Towns didn't say it directly, but the Wolves were irate over a controversial call when Reggie Bullock fouled Patrick Beverley with the Wolves down 110-107 and 6.5 seconds remaining.
Beverley was trying to hoist a shot and get a shooting foul because the Mavericks were trying to foul without the Wolves — who blew a 103-100 lead only minutes earlier — getting a three-point attempt. But officials ruled Beverley wasn't yet in the act of shooting when Bullock fouled him, and since the Wolves were in the penalty that meant two shots, not three, at the line. The Wolves were enraged, with coach Chris Finch and Beverley screaming at officials. D'Angelo Russell did his best to hold both back.
After the game, Finch was more direct in his comments about the play.
"I mean, kind of wild, really," Finch said. "Looking at the tape, I thought PB got fouled on the shot which was a three-pointer, should've been three on the right wing.

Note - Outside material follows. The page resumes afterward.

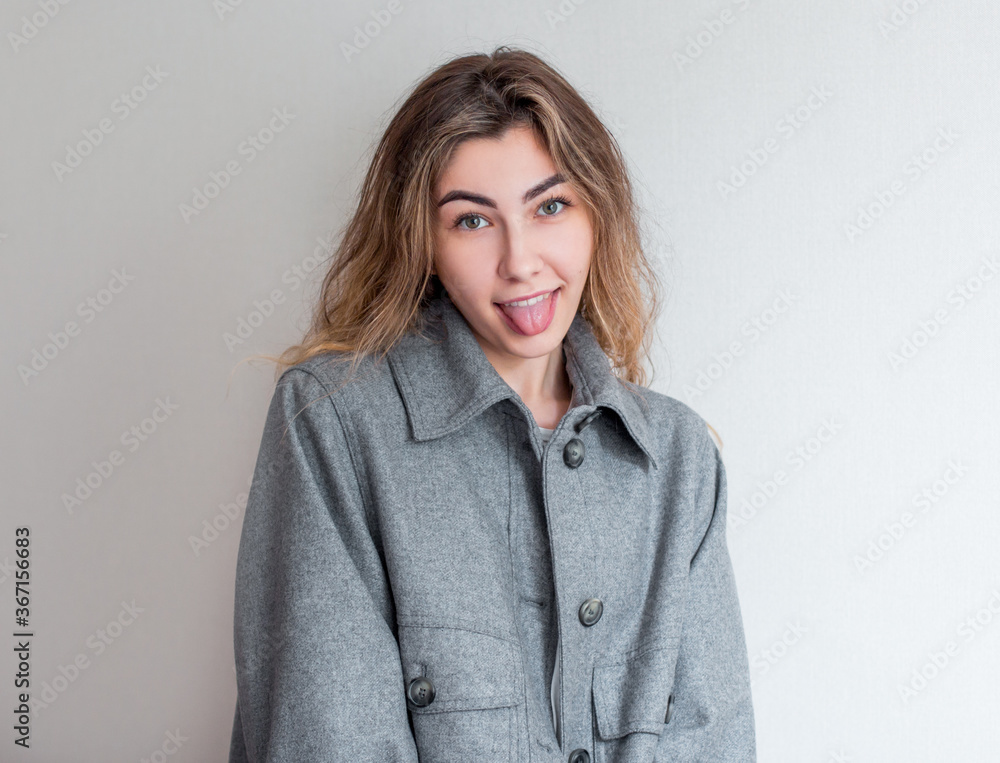 Naughty woman, sticking out her tongue at camera as a sign of disobedience, protest and disrespect. Human emotions, reactions, feelings and attitude Naughty woman, sticking out her tongue at camera as a sign of disobedience, protest and disrespect. Human emotions, reactions, feelings and attitude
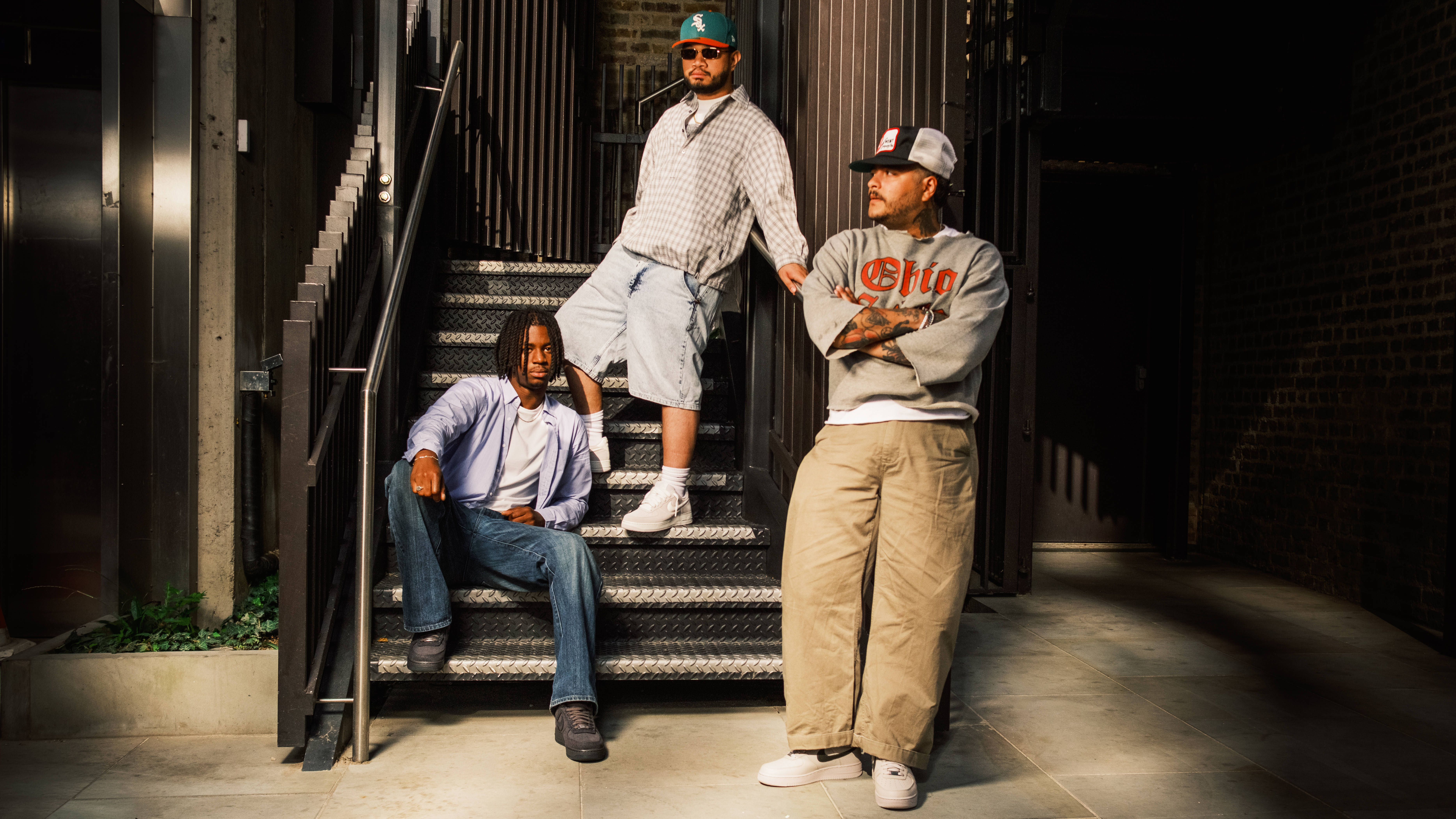 3 guys on staircase styled editorial smart streetwear and americana vintage outfits for the nike air force 1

He was clearly in the gather and the turn and thought that should've been for sure a three-point shot."
The Wolves never got a chance to tie after Beverley missed the first free throw, then missed the second intentionally, got his own rebound and was fouled by Luka Doncic. After a review challenging the foul call, officials ruled for the Mavericks, the teams jumped it up at midcourt and Beverley got the ball again — and was again fouled with 2.5 seconds left.